The markets will be in for a surprise if the Reserve Bank of India, post demonetisation of high-value currency notes, does not cut policy rates at its monetary policy review meeting on December 7, State Bank of India managing director Rajnish Kumar said on Monday.
Though the bank was preoccupied with dealing with surge in deposits and long queues of people for withdrawal of cash in the wake of demonetisation, the planned merger of associate banks and the Bharatiya Mahila Bank with itself was on track, Kumar said.
“It is very difficult to predict because the monetary policy committee now decides. May be, like 25-50-basis-point cut is what everybody is expecting and no rate cut will be a bigger surprise,” said Kumar on the sidelines of the Inclusive Finance Summit.

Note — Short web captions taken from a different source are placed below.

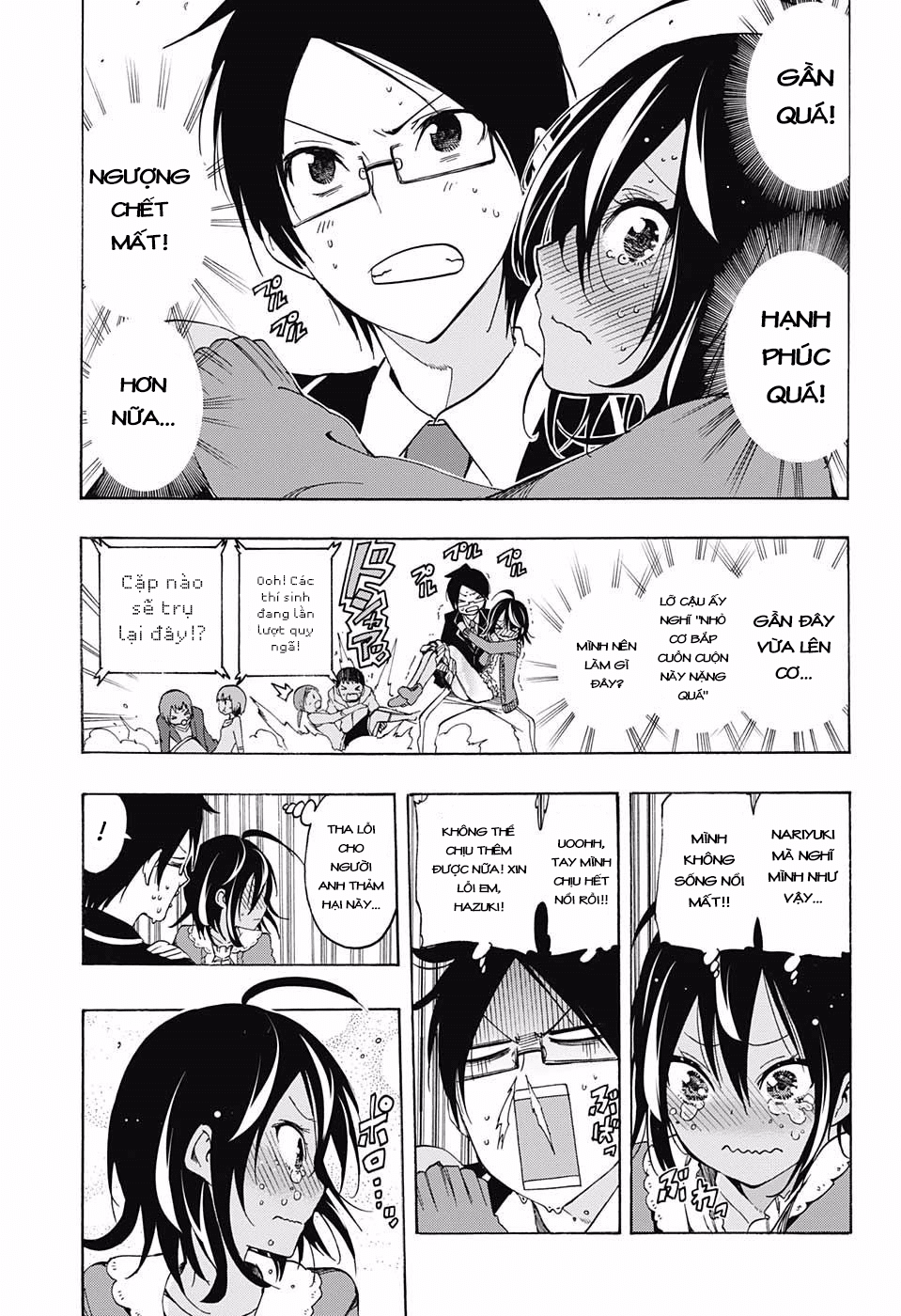 Chúng Ta Không Thể Học Chap 10 - Next Chap 11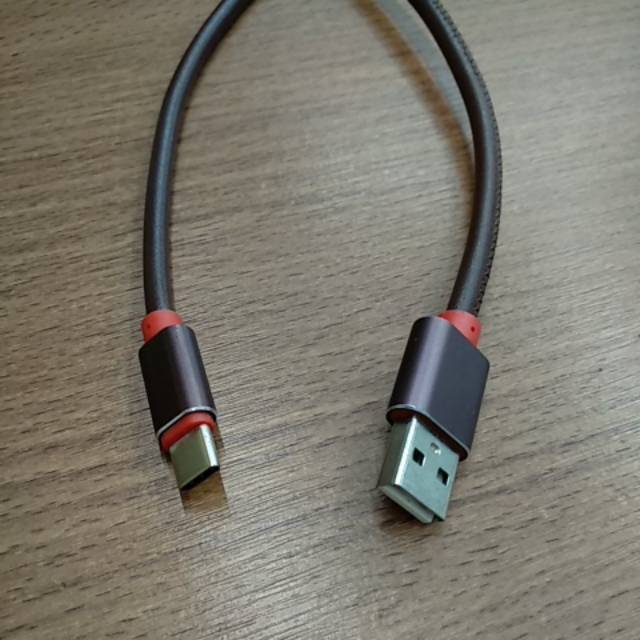 Cable data Fast Charging typeC 30cm high quality 3A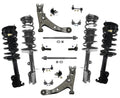 Front & Rear Suspension and Steering Chassis Kit for Toyota Corolla 96-02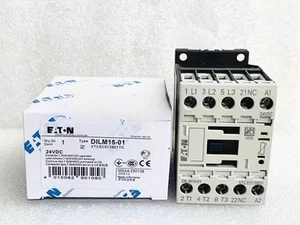 Contactor EATON DC DILM15-01 24VDC - Imagen 1 de 8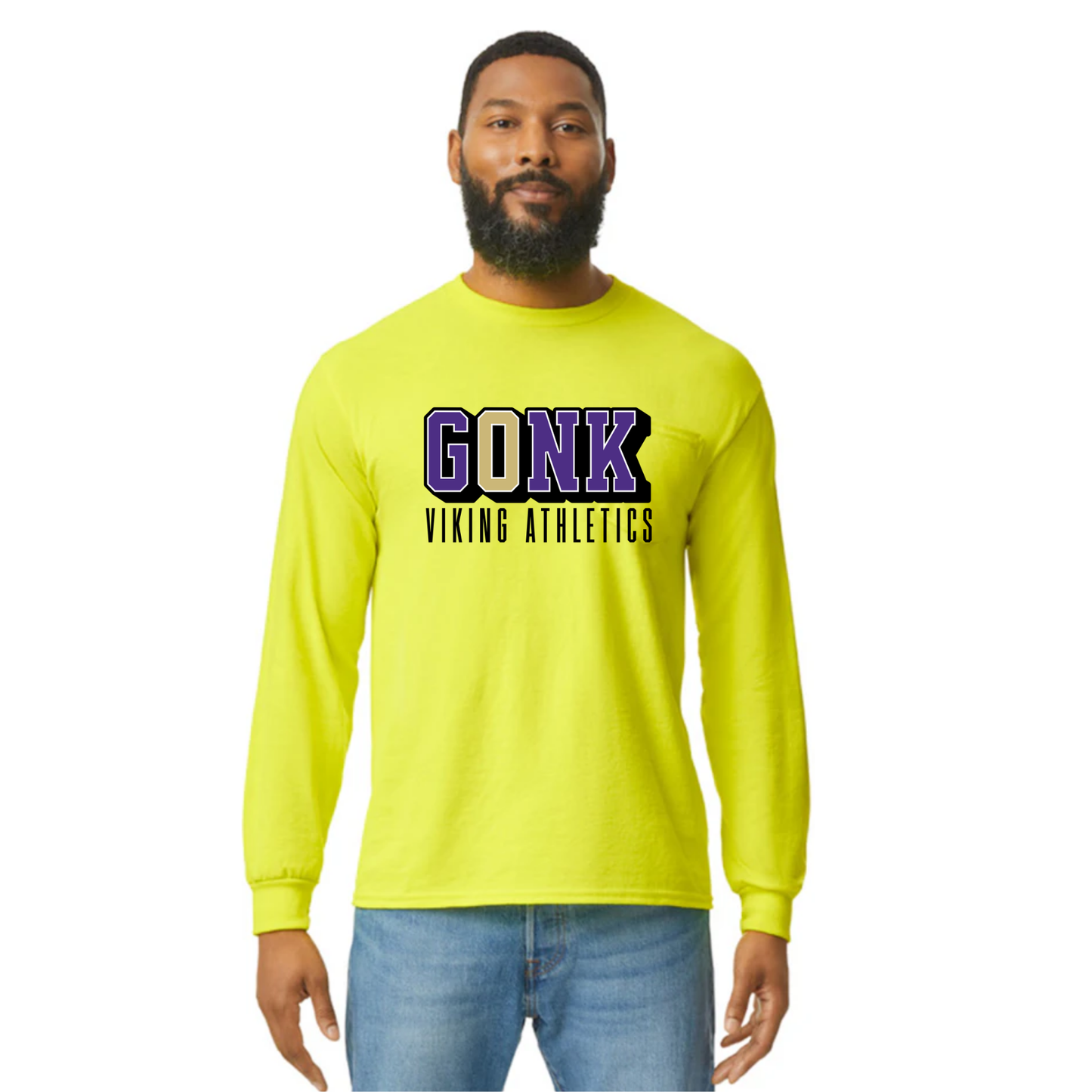 GoNk Athletic Long Sleeve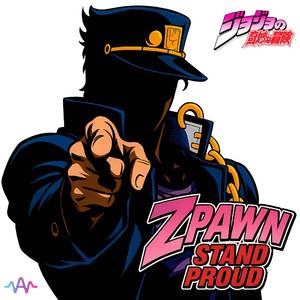 STAND PROUD (From "JoJo's Bizarre Adventure")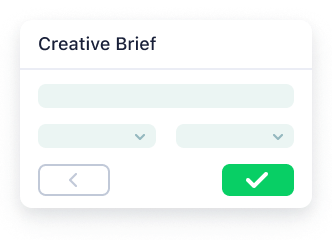 <h5>Seamless creative asset production</h5>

If the incremental cash reserve ratio (CRR) comes down, it would help banks pass on the benefit to customers, he said.
With surge in deposits flooding the banking sector with liquidity, the RBI ordered banks to maintain 100% CRR on incremental deposits between September 16 and November 11, amounting to R3.66 lakh crore.
Banks have expressed displeasure over the move as it deprives them of any income from these funds. After a sharp increase in the ceiling of the market stabilisation scheme to Rs 6 lakh crore from Rs 30,000 crore last week to absorb excess liquidity in the system, the central bank might withdraw the incremental CRR imposed on banks.
Analysts have predicted a rate cut by the monetary policy committee. “Scope of food inflation dragging headline inflation lower also keeps the door open for an easy policy bias. These are likely to prod the MPC to consider a 25-bps rate cut on Wednesday, followed by another cut in 1Q 2017,” said Radhika Rao, an economist with DBS Bank.